What to do, what to do??

So I've been talking to a guy for a while, I'd say like a month through txt message. I met him through bearwww.com and he's a great guy as from what I can tell. I'm not having false illusions that he's going to sweep me off my feet lol, its nice to talk to someone who gets you. He's a very handsome man, we've even added each other to our facebooks and sometimes chat via facebook or bearwww.com or txt message. We'll I told him that I'm not looking for anything serious right now nor will I be until I finish my training next year. If we are still talking by this time next year I told him that I'd like to meet and so how things go. Its been nice talking to him over the weeks, he's really kept my mind on my apprenticeship. Well I've sent a few pics of me that had my I <3 U tattoo in them to him. I wasn't telling him I <3 U its just my tattoo and I can't remove it lol. So when he wrote back with <3 U one night I kinda freaked out bc I'm not ready to have someone throw that at me especially when I've never even met the guy. So I told him that I'm not ready for that and its best to cool it. He got mad bc well to him it was just a simple saying, but to me it means a lot more. I have been heartbroken so many times that I've become Loveless, so I told him that I just don't think we should throw those words around and well he told me that he wasn't in love with me and wasn't going to argue with me and said he's done. I felt like poop when he said that. I txt him a few times to just say that I freaked out bc it means so much to me and that I understood how he felt now. I told him that I didn't want to lose him bc he was a great guy, I let him know that if he wanted to continue to talk just to get at me when he wanted after he cooled down. I left him alone the rest of the day until the night and txt him if he wasn't going to talk to me anymore. He txt me back saying that I need to stop reading into things so much, I half agree with that bc its hard for someone like me who's been cheated on to not have a red flag when commitment pops up or I love you pops up.
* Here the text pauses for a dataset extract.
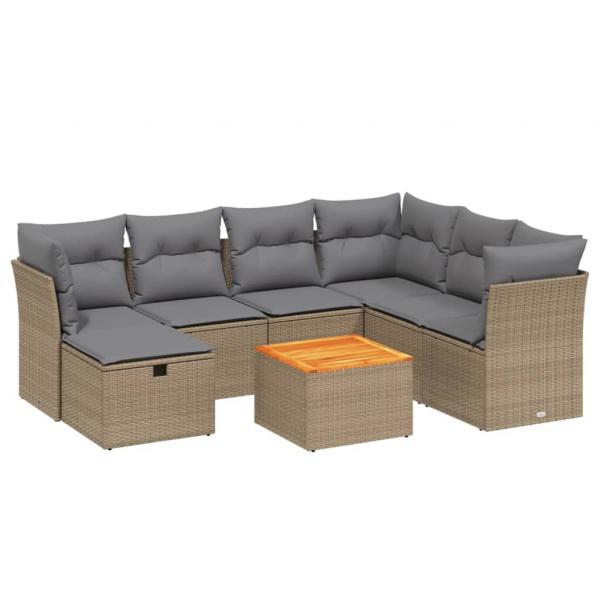 8-tlg. Garten-Sofagarnitur mit Kissen Beige Poly Rattan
I've got my walls up so I don't get hurt, yeah I've let some down bc its nice to talk to someone who I'm attracted to and share a lot of things in common with. Well I messaged him this morning but no reply :( I'm not going to get my hopes up if he does decide to just drop me, not going to stress to much about it bc I know if I do I'll be taking focus away from my aprenticeship.

Tuesday, August 2, 2011

$350

So I talked to a guy today and he said he could fix my laptop for $300, I am trying to sell my Wii to make up half that. I'm planning on asking my parents to loan me the rest so I can finally get it fixed. I rely on my laptop so much. I also need to pay my phone which is $52. I don't make enough in tips right now bc the shop just opened and isn't getting the business it needs just yet. If I was a call boy I'm sure I can make enough to buy a house lol but I'm not going down that road. Lets just hope I can pull a miracle out of my broke ass and get it fixed and my phone paid.

Lighter

So last night this guy came into the shop to get one of our free tattoos, I helped him out and got him set up. I thought he left but later came back, and I noticed that he changed his shirt and fixed his hair. He wasn't getting a new tattoo just hanging around the shop. Well come to find out he was scoping me out, and yeah I was not interested. Before he left he slipped the receptionist a lighter with his number written on it, she handed it to me after he left. I was quick to say, no thanks but I'm keeping this bad ass lighter ha ha ha. MP our receptionist was so mad that I wasn't going to give him a shot, she told me he was cute and sweet. I still wasn't changing my mind because he was definately not my type. Oh and really who gives you a broken lighter with your number on it, better make sure that shit works when you give it to me. I think thats been the fourth number I've gotten from a guy while working at the shop, going to start a collection jar soon. I'm flattered but not interested in any of them.